The perpetrators flee toward Porte de Pantin across the Place de la République to the north of Paris. They change cars in the Rue de Meaux in the 19th Arrondissement, threaten a driver and run into a pedestrian. In the car left behind, investigators find 10 Molotov cocktails and jihad flags. Had the pair planned additional acts of violence?

That night, haunting scenes are visited upon Reims, a city 90 minutes by car northeast of Paris. Anti-terror police units comb through the suburb of Croix-Rouge -- heavily armed and trailed by a horde of improvident journalists who broadcast the apparently aimless search live. The next day, it is announced that several people have been arrested, including Chérif's wife and brother-in-law.

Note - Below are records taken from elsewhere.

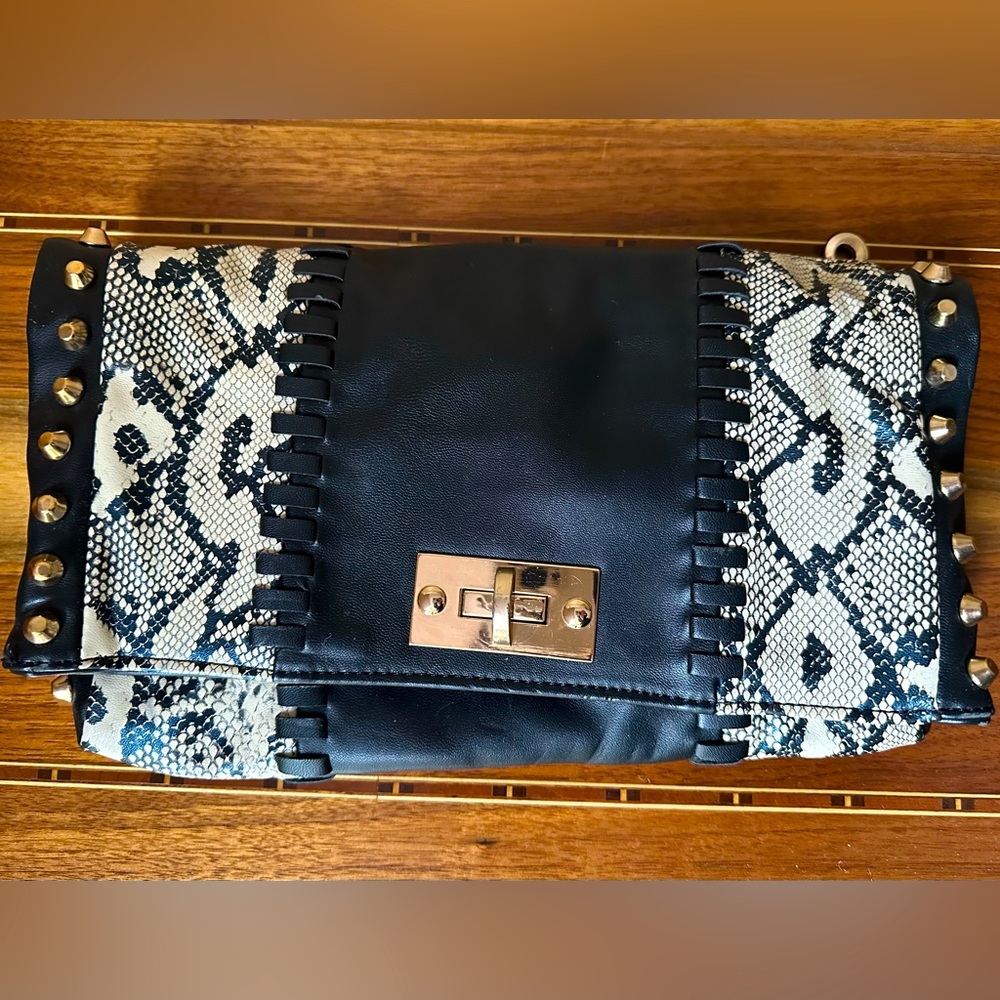 Versatile fashion clutch crossbody bag with snakeskin print and studs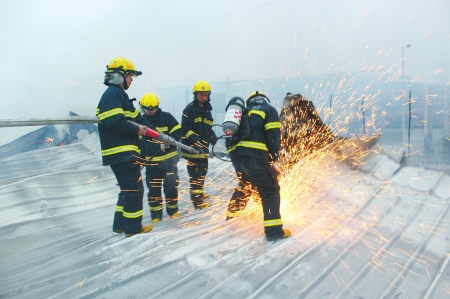 自贡一餐厅发生火灾&nbsp;消防两小时扑灭(图1)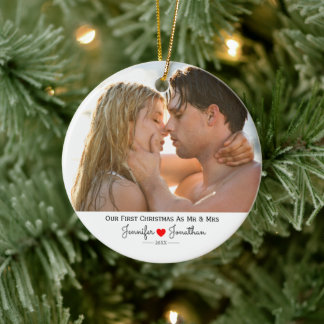 カスタム初めてのクリスマス結婚した セラミックオーナメント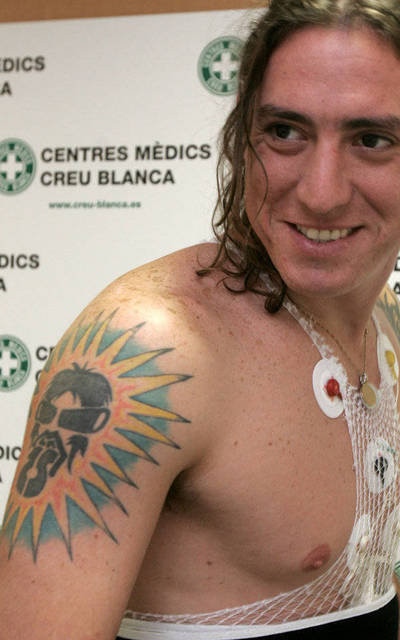 Thủ thành Cristian Álvarez tiện thể khoe hình xăm khi đang kiểm tra y tế với Espanyol. Thủ thành Cristian Álvarez tiện thể khoe hình xăm khi đang kiểm tra y tế với Espanyol.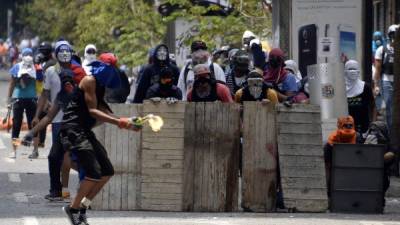 Ayer se volvieron a registrar protestas en el centro de Caracas.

At midday on Thursday, the suspects are spotted again in northern France, this time in Villers-Cotterêts, a town halfway between Paris and Reims, where they hold up a gas station, stealing fuel and food. They are said to be traveling in a gray compact on their odyssey through France, together with Kalashnikovs and a rocket launcher.

On Friday morning, the two brothers take cover in a factory building in Dammartin-en-Goële near Paris' Charles de Gaulle airport after a wild, high-speed chase. They have taken a hostage.

Midday on Friday, a second hostage situation takes shape at Porte de Vincennes in Paris, where a heavily armed man storms a Jewish supermarket and kills at least two people. The man is reported to have connections to the Kouachi brothers and shot a policewoman in the suburb of Montrouge on Thursday.

Thousands of soldiers and police in battlegear take to the streets and the Paris ring road is closed to traffic. Service is suspended on Metro lines and schools are evacuated. Paris is a city in a state of emergency. On Friday afternoon at 5:20 p.m., special forces storm the factory building near Charles de Gaulle and the supermarket at Pote de Vincennes. The two brothers and their accomplice, Amedy Colibaly, as well as another hostage-taker are killed during the deployment. The country is shaken and fears of further attacks are unabated.

Alienation

France has long been plagued by a growing fear of Islam, a worry which has spread through both society and the political classes like a poison. Today, there is an entire class of young Muslims who were born as French citizens but who never found their way into the labor market due to the country's chronic economic troubles. With limited educations and nothing to do, the ghetto-like feel of the banlieues, or suburbs, surrounding Paris and other large French cities led many of them to a feeling of alienation from, or even hostility to, the Repubic.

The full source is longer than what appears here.